介绍: China’s growth: The greatest moderation
Has any country ever grown as repetitively as China?
From The Economist 20161029

Audio:

0:00




ON OCTOBER 19th China reported that its economy grew by 6.7% in the third quarter. It would have been an unsurprising, reassuring headline, except that China had reported exactly the same figure for the previous quarter—and for the quarter before that. This freakish consistency invited the scorn of China’s many “data doubters”, who have long argued that it fudges its figures. China has expanded at the same pace from one quarter to the next on numerous occasions. But it has never before claimed to grow at exactly the same rate for three quarters in a row.

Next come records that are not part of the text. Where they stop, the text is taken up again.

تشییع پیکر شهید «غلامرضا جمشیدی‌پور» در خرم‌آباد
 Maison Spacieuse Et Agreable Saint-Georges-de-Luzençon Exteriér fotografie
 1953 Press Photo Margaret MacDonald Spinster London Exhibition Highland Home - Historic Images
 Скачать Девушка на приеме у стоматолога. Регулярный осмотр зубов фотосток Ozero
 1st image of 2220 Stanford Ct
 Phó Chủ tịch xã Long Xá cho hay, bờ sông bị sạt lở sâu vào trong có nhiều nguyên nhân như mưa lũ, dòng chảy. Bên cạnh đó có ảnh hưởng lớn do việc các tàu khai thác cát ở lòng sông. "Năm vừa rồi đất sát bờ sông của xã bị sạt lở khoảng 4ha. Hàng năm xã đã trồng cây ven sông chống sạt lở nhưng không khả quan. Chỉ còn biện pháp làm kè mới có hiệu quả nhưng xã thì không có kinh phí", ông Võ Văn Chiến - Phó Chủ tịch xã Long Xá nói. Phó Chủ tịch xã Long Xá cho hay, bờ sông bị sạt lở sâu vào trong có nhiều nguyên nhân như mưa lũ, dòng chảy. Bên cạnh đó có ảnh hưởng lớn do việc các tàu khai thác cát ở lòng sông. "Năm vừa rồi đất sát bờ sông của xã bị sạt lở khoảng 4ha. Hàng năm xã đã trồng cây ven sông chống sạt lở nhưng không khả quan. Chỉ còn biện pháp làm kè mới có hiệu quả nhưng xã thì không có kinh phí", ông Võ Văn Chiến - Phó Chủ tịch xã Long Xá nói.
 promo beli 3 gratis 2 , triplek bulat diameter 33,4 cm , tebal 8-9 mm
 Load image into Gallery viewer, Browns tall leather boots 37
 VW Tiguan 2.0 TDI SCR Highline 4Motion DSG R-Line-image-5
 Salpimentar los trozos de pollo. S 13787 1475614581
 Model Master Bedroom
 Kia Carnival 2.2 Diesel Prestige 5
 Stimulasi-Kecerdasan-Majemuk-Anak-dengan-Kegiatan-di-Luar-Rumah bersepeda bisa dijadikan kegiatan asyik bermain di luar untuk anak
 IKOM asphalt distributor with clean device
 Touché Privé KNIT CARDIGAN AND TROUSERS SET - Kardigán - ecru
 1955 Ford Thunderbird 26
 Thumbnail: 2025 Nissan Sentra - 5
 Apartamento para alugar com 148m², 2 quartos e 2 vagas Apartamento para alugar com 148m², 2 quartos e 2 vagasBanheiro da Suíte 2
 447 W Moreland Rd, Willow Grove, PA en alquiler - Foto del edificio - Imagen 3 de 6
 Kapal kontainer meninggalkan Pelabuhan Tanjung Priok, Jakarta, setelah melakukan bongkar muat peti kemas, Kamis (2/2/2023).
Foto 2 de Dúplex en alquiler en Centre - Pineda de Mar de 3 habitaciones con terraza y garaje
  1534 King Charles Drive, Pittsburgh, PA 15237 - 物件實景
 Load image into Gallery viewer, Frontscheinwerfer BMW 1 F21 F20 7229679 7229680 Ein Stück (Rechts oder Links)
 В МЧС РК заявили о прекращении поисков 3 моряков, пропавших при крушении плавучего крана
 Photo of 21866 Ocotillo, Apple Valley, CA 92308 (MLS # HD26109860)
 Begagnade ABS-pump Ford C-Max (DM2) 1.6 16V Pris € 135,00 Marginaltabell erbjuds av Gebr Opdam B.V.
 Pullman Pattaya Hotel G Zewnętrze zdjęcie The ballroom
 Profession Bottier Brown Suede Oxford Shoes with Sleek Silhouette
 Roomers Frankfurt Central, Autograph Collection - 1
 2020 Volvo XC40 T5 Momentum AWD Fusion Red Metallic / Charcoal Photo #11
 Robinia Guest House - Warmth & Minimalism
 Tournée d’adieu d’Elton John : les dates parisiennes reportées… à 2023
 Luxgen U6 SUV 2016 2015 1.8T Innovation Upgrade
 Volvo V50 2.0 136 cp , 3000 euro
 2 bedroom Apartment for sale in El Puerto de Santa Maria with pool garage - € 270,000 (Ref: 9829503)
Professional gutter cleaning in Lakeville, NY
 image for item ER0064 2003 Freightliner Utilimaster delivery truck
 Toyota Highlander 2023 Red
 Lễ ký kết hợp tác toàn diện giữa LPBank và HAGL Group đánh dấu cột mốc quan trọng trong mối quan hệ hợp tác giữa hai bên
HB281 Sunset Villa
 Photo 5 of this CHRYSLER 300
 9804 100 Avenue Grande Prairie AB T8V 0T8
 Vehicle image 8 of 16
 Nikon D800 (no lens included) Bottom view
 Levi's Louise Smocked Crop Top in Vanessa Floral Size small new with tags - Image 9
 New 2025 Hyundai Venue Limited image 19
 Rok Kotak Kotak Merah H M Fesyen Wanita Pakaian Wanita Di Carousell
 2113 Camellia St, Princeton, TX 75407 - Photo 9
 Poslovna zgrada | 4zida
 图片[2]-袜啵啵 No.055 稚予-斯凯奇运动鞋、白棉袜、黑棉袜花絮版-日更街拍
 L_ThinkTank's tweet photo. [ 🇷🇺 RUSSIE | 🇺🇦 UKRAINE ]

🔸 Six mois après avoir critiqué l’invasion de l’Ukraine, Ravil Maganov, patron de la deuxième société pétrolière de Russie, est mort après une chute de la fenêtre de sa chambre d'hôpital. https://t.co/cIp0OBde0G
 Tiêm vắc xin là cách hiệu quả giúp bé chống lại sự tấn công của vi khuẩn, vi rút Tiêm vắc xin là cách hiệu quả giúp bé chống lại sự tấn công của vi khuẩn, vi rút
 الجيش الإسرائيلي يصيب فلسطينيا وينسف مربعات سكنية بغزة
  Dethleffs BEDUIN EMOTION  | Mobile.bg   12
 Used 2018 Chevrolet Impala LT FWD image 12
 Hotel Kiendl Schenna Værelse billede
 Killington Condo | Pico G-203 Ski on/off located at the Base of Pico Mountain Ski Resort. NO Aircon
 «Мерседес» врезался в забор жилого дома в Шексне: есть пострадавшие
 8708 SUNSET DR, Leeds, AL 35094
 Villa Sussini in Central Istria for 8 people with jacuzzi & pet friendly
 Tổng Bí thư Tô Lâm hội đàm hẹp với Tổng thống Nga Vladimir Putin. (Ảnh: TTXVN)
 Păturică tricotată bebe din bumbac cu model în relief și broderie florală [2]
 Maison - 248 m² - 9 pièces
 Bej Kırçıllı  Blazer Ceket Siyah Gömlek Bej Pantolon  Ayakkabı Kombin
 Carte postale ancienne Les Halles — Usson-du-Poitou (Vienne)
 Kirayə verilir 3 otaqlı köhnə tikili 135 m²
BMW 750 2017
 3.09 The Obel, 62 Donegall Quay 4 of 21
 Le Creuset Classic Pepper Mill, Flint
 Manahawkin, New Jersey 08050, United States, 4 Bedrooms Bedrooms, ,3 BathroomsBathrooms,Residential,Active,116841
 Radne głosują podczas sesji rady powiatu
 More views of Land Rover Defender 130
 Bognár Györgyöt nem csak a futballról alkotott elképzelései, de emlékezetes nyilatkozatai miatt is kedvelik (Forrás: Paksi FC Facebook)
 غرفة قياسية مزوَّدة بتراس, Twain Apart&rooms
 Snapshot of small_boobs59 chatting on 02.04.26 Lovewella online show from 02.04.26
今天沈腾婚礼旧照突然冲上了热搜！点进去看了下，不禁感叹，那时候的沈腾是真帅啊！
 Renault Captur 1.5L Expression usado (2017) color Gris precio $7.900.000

Has anywhere? This growth “three-peat” is not entirely without precedent. Seven other countries have reported the same growth rate for three quarters in a row, according to a database spanning 83 countries since 1993, compiled by the Economist Intelligence Unit, our sister company. The list includes emerging economies like Brazil, Croatia, Indonesia, Malaysia and Vietnam, but also two mature economies: Austria and Spain. Indeed, Spain has performed this miracle of consistency twice. It grew by 3.1% (year-on-year) in the first three quarters of 2003 and by 4.2% in the first three quarters of 2006. Those were the days.


Contrary to popular belief, China’s GDP statistics have not always been unusually smooth. Since 1993, the average gap between one quarter’s growth and the next has been (plus or minus) 0.77 percentage points (see table). Fourteen countries, including America, have reported a smaller average gap. But in recent years, the zigzags in China’s growth have been less pronounced. Since 2012 only France and Jordan have enjoyed more stable growth (as measured by statistical variance, a common measure of volatility) and only Indonesia has recorded a smaller average gap between one quarter’s growth and the next.

Either China’s policymakers are newly successful at stabilising growth or its statisticians are newly determined to smooth the data. But if the number-crunchers are to blame, one wonders why they do not try harder to hide it.